Num debate sobre imigração, a produção belga 'The Silent Run' se impõe na disputa pela Pirâmide de Ouro ao retratar a dinâmica de estrangeiros numa Europa marcada por racismo
Embora representa a Bélgica na competição que, na noite desta sexta, vai consagrar um dos 14 concorrentes à Pirâmide de Ouro com o troféu cinéfilo da terra dos faraós, Marta Bergman fez "The Silent Run" para simbolizar três valores universais - culpa, lealdade e família - sem usar um CEP para isso. Fiel a um modo peculiar de filmar vidas em trânsito, visível em "Seule À Mon Mariage", que lhe deu fama em 2018, a realizadora volta a flanar pela ficção com um realismo quase documental, para falar sobre imigração. Foi ao 46° Festival de Cairo (CIFF) acompanhada por sua atriz, a tunisiana Zbeida Belhajamor, que deslumbrou plateias com sua doída atuação.
"A linguagem corporal, com gestos, foi fundamental para criar a dinâmica de interpretação de uma história que partiu de um fato real (a morte de uma criança, no trânsito de estrangeiros em migração) e começa como um sonho, para nos tirar a noção de território, para tirar a referência de espaço", diz a cineasta ao Correio.
Só a sequência inicial, em tons rubros terrígenos, com um casal a se amar como se o nosso mundo não estivesse ruínas, num espaço que parece um casulo, bastou para cacifar "The Silent Run" como um dos achados do Cairo, em 2025.
"A inocência era um dos focos de ação que seguimos para criar", diz Zbeida. "Construímos o filme imaginando um cotidiano, que não está na tela, para a pessoas que retratamos. Eu trouxe referências da relação com a minha mãe", explica a atriz.
No roteiro filmado por Marta, os imigrantes Sara (Zbeida), Adam (Abdal Alsweha ) e sua filha de dois anos chegaram ilegalmente à Europa, por fronteiras belgas, e esperam finalmente conseguir chegar à Inglaterra. Amontoados com outros refugiados na parte de trás de uma van, eles provam do medo, que começa a prevalecer sobre a esperança. Um policial complicará a vida desse pessoal, colocando sua própria farda em xeque, num dilema ético acerca da intolerância.

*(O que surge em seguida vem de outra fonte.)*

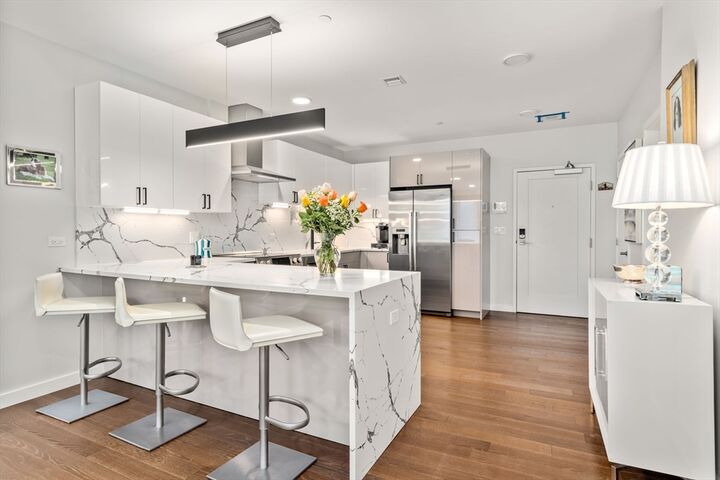 Property Photo:  68 Los Angeles St Ph5  MA 02458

"Exploramos muito a questão da ambiguidade moral num enredo que explora a complexidade dos modos de olhar uma realidade. Há um contexto policial ali em que a Lei exige que haja um culpado. Só que nesse contexto existe o racismo. Existem formas diferentes de se olhar o que se chama de minoria. Mas não é uma perspectiva apenas belga", diz Marta. "Busquei espelhar a forma de conexão social. Tanto o grupo de imigrantes como o grupo de policiais agem como se fossem famílias".